Alcuni simboli delle stelle

Altri significati profani ci sono suggeriti dalla comparsa singola o multipla di stelle nelle bandiere nazionali, nei gradi militari, nei blasoni nobiliari, nelle classifiche di qualità, sempre per esprimere grado di eccellenza, attinenza con valori immateriali, attitudine superna.

Del significato e del valore della stella Sole come simbolo-guida possediamo già numerose nozioni che coinvolgono i concetti di misura del tempo – mezzogiorno e mezzanotte, equinozio e solstizio – e di orientamento – Est, Ovest – pertinenti, però, con minore evidenza anche alle stelle. In particolare la Stella Polare appartenente alla costellazione dell’Orsa Minore è, durante la notte, il punto di riferimento del Nord per chi – nell’emisfero boreale, come noi – ha bisogno di un ausilio per dirigere i propri passi nell’attraversare un deserto o per volgere la prua della nave se si trova in mare aperto. Varie altre stelle, molto probabilmente, funsero da riferimento astronomico per i viaggiatori di terra, di mare e di cielo fino all’avvento recente degli strumenti attuali di localizzazione geografica basati su elaboratori, radar e satelliti artificiali. Come l’Uomo e prima dell’Uomo gli uccelli migratori si servirono dell’immagine della volta celeste notturna per dirigere i loro voli di trasferimento: in essi l’istinto registrò e selezionò – inscrivendole nel DNA – le immagini del firmamento che corrispondono ai segnali di partenza delle migrazioni e al quadro dei riferimenti in esso reperibili per dirigere la rotta di volo.
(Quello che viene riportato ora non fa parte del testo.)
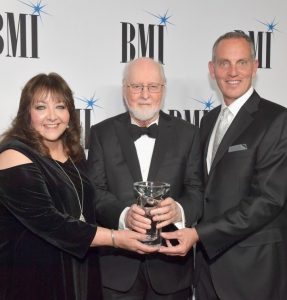 BMI - Doreen Ringer-Ross, John Williams recibiendo el premio BMI 2018, y el presidente y CEO de BMI, Mike O'Neill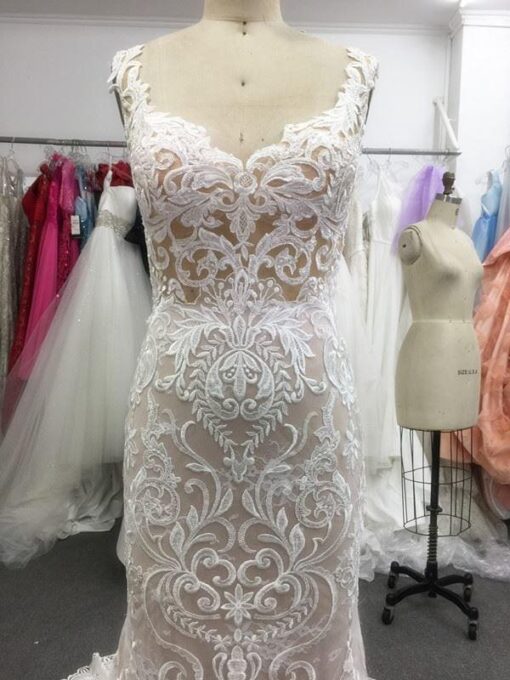 Style#sunSleevelessWeddingDresswithEmbroidery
L’osservazione della Natura ha nutrito e arricchito le conoscenze umane in tutti i campi: ne abbiamo ogni giorno la conferma dall’esito della ricerca scientifica, che conduce allo sfruttamento delle risorse per gli scopi più vari.

Le stelle sono state per secoli la guida notturna del viaggiatore ed hanno acquisito perciò come simbolo il valore di ausilio necessario per il riconoscimento della retta via. Volgiamo perciò lo sguardo al cielo nei momenti di smarrimento, ma anche quando non siamo in angustie, per accogliere il messaggio di serenità e di saggezza che la luce ci reca dalle distanze astrali.